Haarscharf daneben oder voll ins Schwarze

10. Juni 2014

Uwe Voehl hat einen Teilroman von Band 76 geschrieben und das zum Anlass genommen, zu erzählen, wie er beim Schreiben vorgeht. Ich finde seine Methode sehr interessant – ganz abgesehen davon, dass ich es immer mag, wenn jemand meine Arbeit lobt 😉 Aber lest selbst.

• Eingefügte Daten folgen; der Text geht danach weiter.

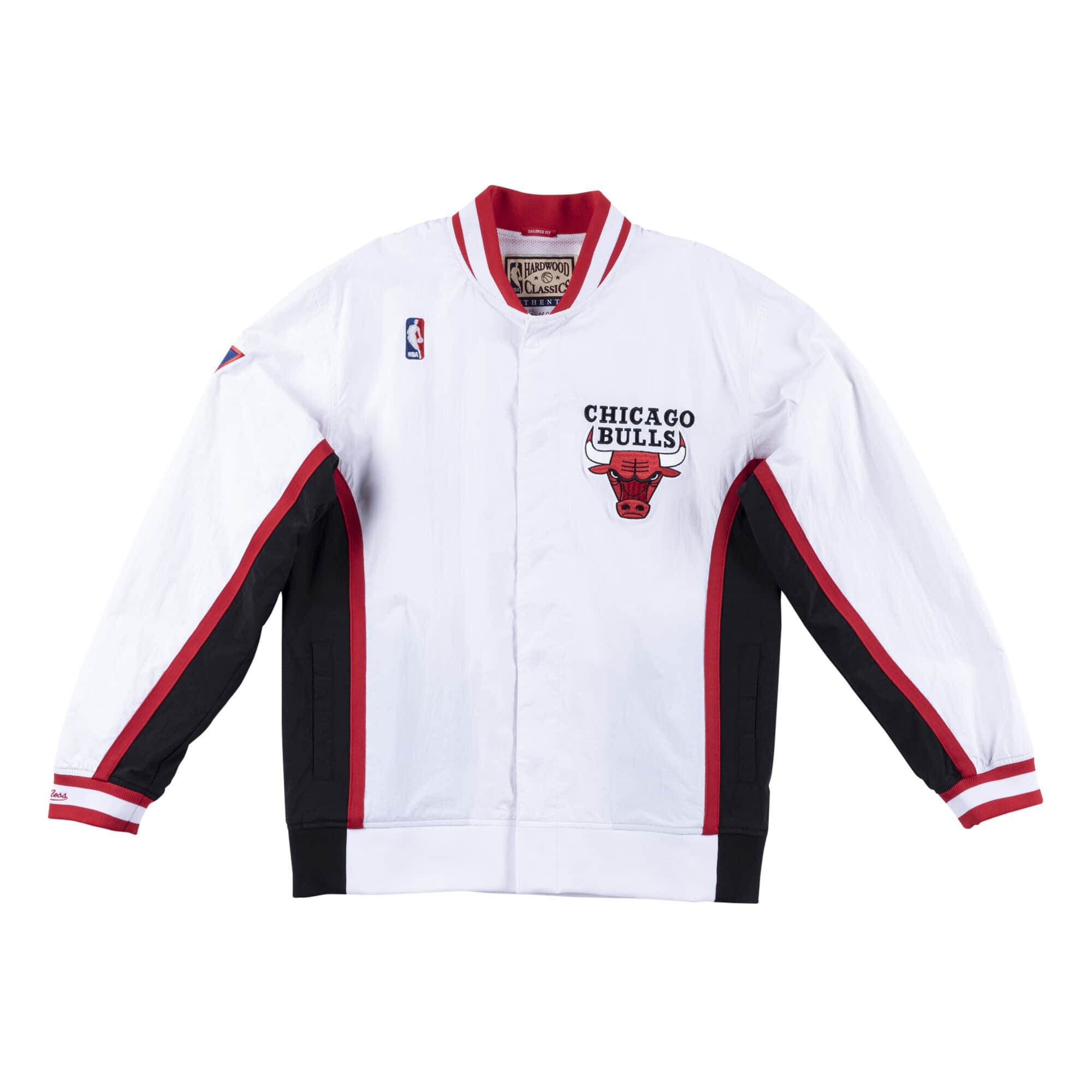 Mitchell ness bulls jacket online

Die Überschrift zu diesem Artikel könnte vielleicht lauten: Wie Dorian und ich einen HUNTER-Roman schreiben. – Ja, und die Antwort wäre dann: intuitiv. Genau wie die DORIAN HUNTER-Hörspiele ja recht frei nach den jeweiligen Heften gestaltet sind, nehme ich das Exposé hauptsächlich als Gerüst. Ich liebe es natürlich, nach einem Expo zu schreiben. Es hat viele Vorteile: die Kontinuität ist gewahrt, es gibt keine Widersprüche oder unliebsame Überraschungen (für den Leser). Als Autor nimmt es die Angst vor dem berüchtigten weißen Blatt. Zu Beginn schaue ich einfach ins Expo und schreibe, was dort steht. Auch zwischendurch ist es ganz angenehm, immer wieder zum Expo zurückzufinden, damit ich mich nicht vergaloppiere. Alles in allem heißt das.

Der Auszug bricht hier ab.